Task to complete: All that is wanted is the line with "MAQUINA DE LAVAR ROUPA LG - F4X1009NWB MAQUINA" and each line after it to the end of the data below, set down exactly and without pictures.
=== Begin Enclosure ===
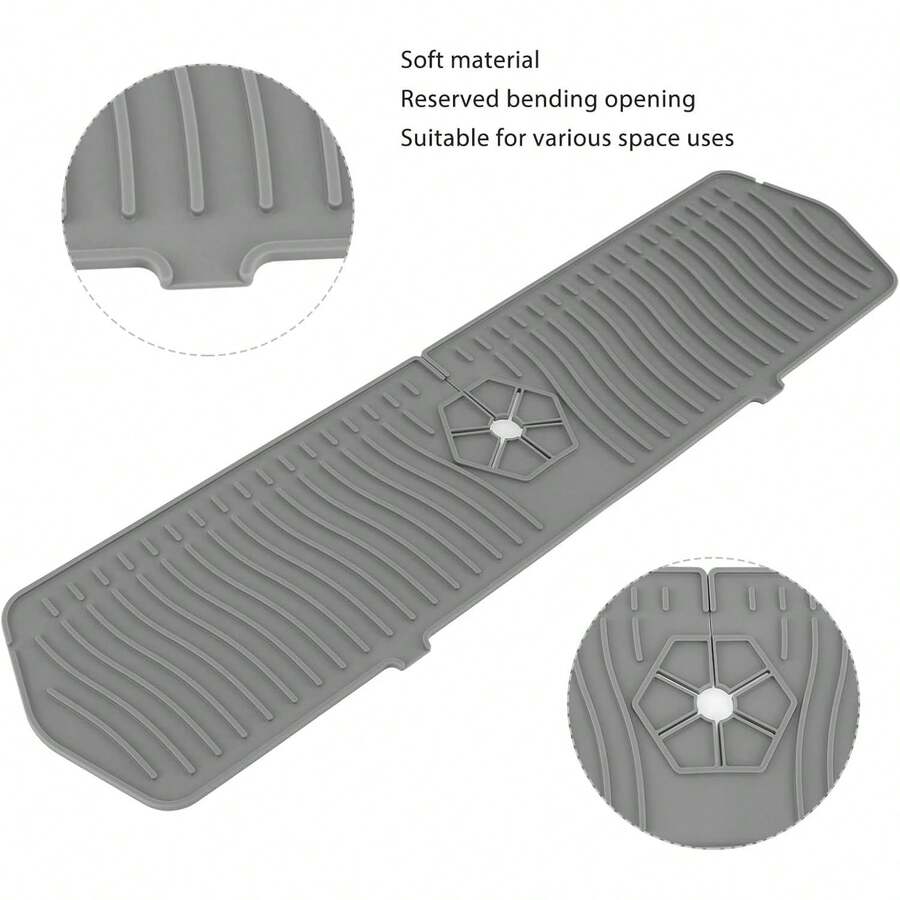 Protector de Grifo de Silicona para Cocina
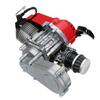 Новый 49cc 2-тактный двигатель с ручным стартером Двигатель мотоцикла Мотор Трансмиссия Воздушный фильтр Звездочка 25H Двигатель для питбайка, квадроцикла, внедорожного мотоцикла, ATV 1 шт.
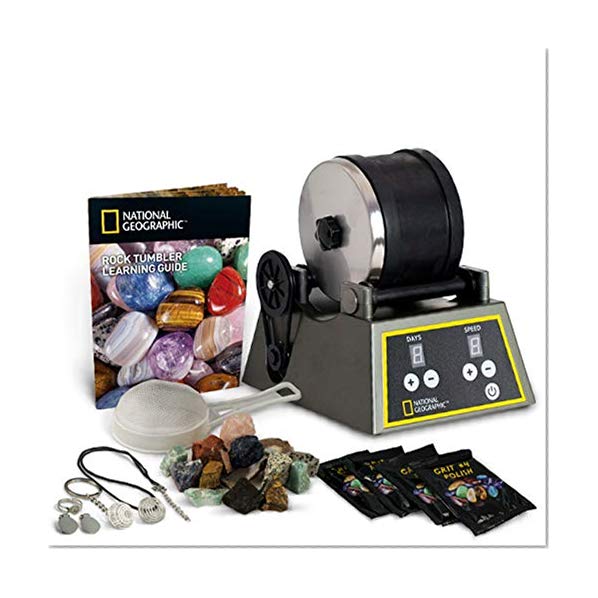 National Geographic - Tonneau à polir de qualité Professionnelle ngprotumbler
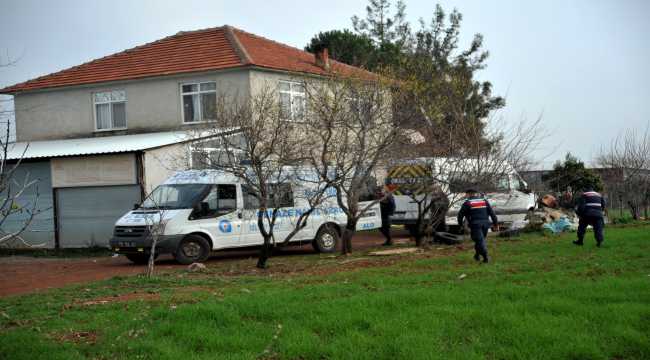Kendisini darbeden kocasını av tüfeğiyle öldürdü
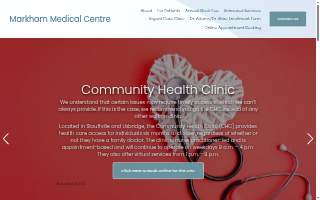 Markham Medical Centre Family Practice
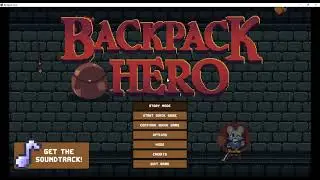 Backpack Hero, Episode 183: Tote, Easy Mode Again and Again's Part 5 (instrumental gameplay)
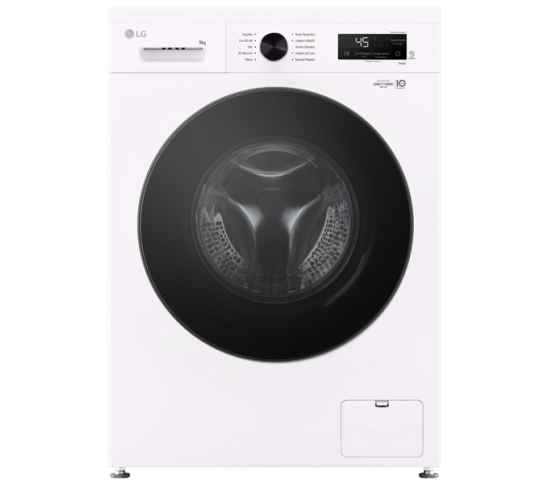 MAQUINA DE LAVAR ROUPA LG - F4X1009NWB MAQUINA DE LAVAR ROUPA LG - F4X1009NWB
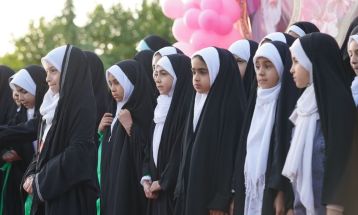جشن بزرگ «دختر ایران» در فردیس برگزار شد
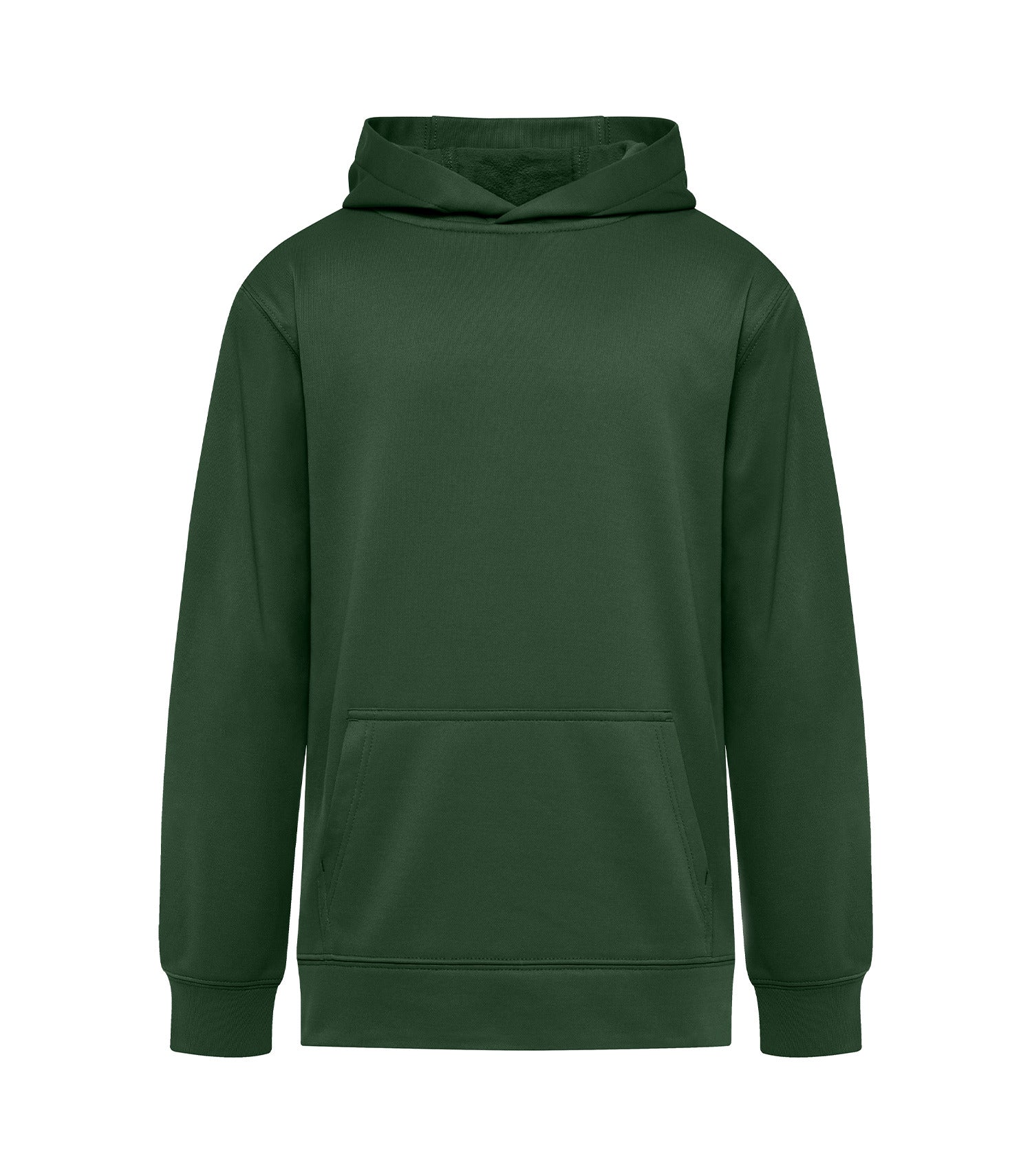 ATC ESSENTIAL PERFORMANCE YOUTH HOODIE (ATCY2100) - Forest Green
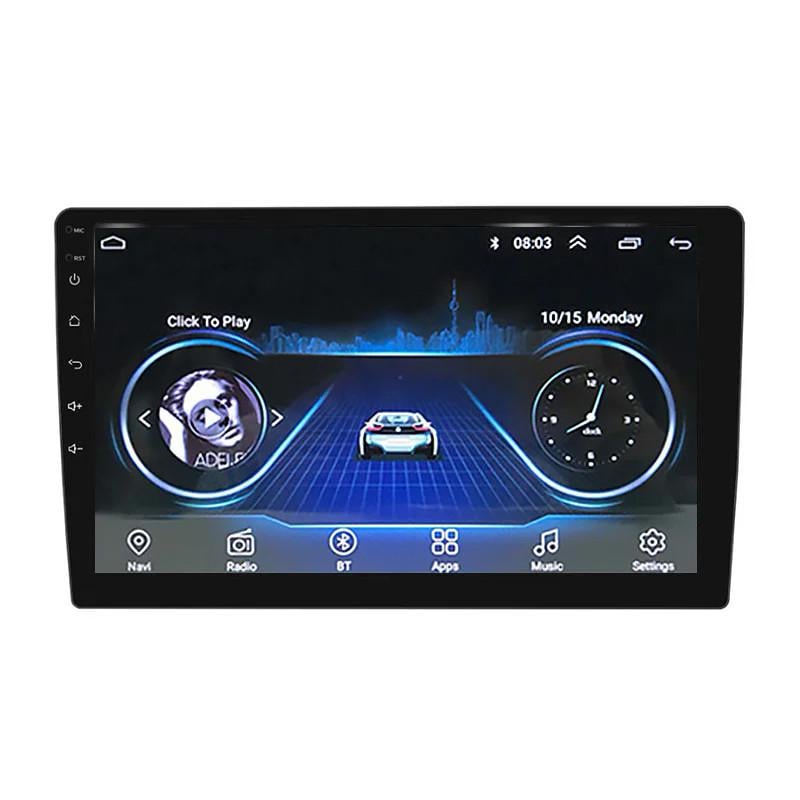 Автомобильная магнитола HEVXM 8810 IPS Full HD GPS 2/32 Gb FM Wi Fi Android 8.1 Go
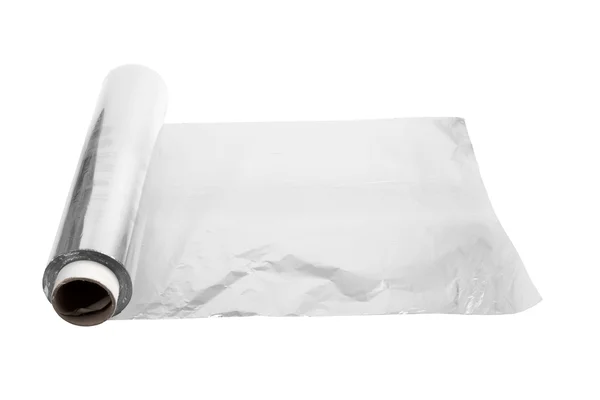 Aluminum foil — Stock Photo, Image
=== End Enclosure ===
Task answer:
 MAQUINA DE LAVAR ROUPA LG - F4X1009NWB MAQUINA DE LAVAR ROUPA LG - F4X1009NWB
جشن بزرگ «دختر ایران» در فردیس برگزار شد
 ATC ESSENTIAL PERFORMANCE YOUTH HOODIE (ATCY2100) - Forest Green
 Автомобильная магнитола HEVXM 8810 IPS Full HD GPS 2/32 Gb FM Wi Fi Android 8.1 Go
 Aluminum foil — Stock Photo, Image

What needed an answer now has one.